Imports and exports between Northern Ireland and the EU
The position in relation to imports and exports between the Northern Ireland and the EU is rather different. Article 5(5) of the NI Protocol provides that: “Articles 30 and 110 TFEU shall apply to and in the United Kingdom in respect of Northern Ireland. Quantitative restrictions on exports and imports shall be prohibited between the Union and Northern Ireland.” Article 30 of the TFEU provides that customs duties on imports and exports and charges having equivalent effect shall be prohibited between Member States. It also makes clear that the prohibition also applies to customs duties of a fiscal nature. Article 110(1) TFEU prohibits Member States from imposing, directly or indirectly, any internal taxation on the products of another Member State, in excess of that imposed directly or indirectly on similar domestic products. That is, in essence, a prohibition on discriminatory taxation of imports as compared with comparable goods produced on the market of the importing Member State. Article 110(2) TFEU provides that no Member State shall impose on the products of other Member States any internal taxation of such a nature as to afford indirect protection to other products. That provision is designed to prevent Member States from imposing higher taxes on imported products which, whilst not technically similar, are in competition with domestic products so as to afford protection to the latter.
It follows that in relation to trade to and from the EU, Article 5(5) of the Protocol reflects the logic of treating Northern Ireland as a part of the EU for customs purposes. Unlike the position in relation to movements to or from third countries where the Northern Irish border will continue to be treated as part of the external EU border, there will be no third country border in relation to movements directly between Northern Ireland and the EU. That is one of the dividends for Northern Irish goods and one which arises from the fact that Northern Ireland continues to be treated as part of the EU’s Customs Union. It will not be necessary, therefore, to seek to determine whether goods being exported from Northern Ireland to the EU are goods from Ireland or goods from Northern Ireland (a distinction which is only relevant in relation to movements to third countries including Great Britain). Northern Irish business will therefore continue to benefit from tariff-free trade in respect of intra-EU movements.
In addition, Article 7(1) of the protocol provides that the lawfulness of placing goods on the market in Northern Ireland shall be governed by the law of the United Kingdom as well as, as regards goods imported from the Union, by Articles 34 and 36 TFEU. Therefore, imports from the EU into Northern Ireland cannot be subject to any quantitative restrictions or measures having equivalent effect, subject to the standard list of Article 36 TFEU derogations permitting such restrictions in limited but familiar circumstances. The equivalent prohibition of quantitative restrictions on exports to other Member States under Article 35 TFEU was not included in the NI Protocol. However, it is hard to see the UK Government seeking to constrain Northern Irish businesses from exporting to EU markets to any extent.
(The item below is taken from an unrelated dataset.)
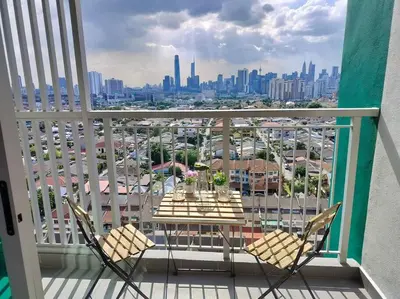 a table and chairs on a balcony with a view of a city at Ampang 2-4 pax Studio AmpPoint in Ampang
In relation to direct NI-EU, EU-NI movements, a further dividend of the Protocol would appear to be that Northern Irish goods may get something of the best of both worlds. On the one hand, a certain category of goods may, when exported from Northern Ireland to a third country, obtain the benefit of any lower tariffs that the UK has agreed as compared with those that would have applied had they been exported on the basis of an equivalent EU treaty with that third country. But those same goods will also benefit from tariff-free movement within the EU. That may give some Northern Irish exporters a marginal benefit compared with the situation that maintains at the moment. Whether it will off-set the additional burdens to which Northern Irish goods may be subject at third country borders remains to be seen.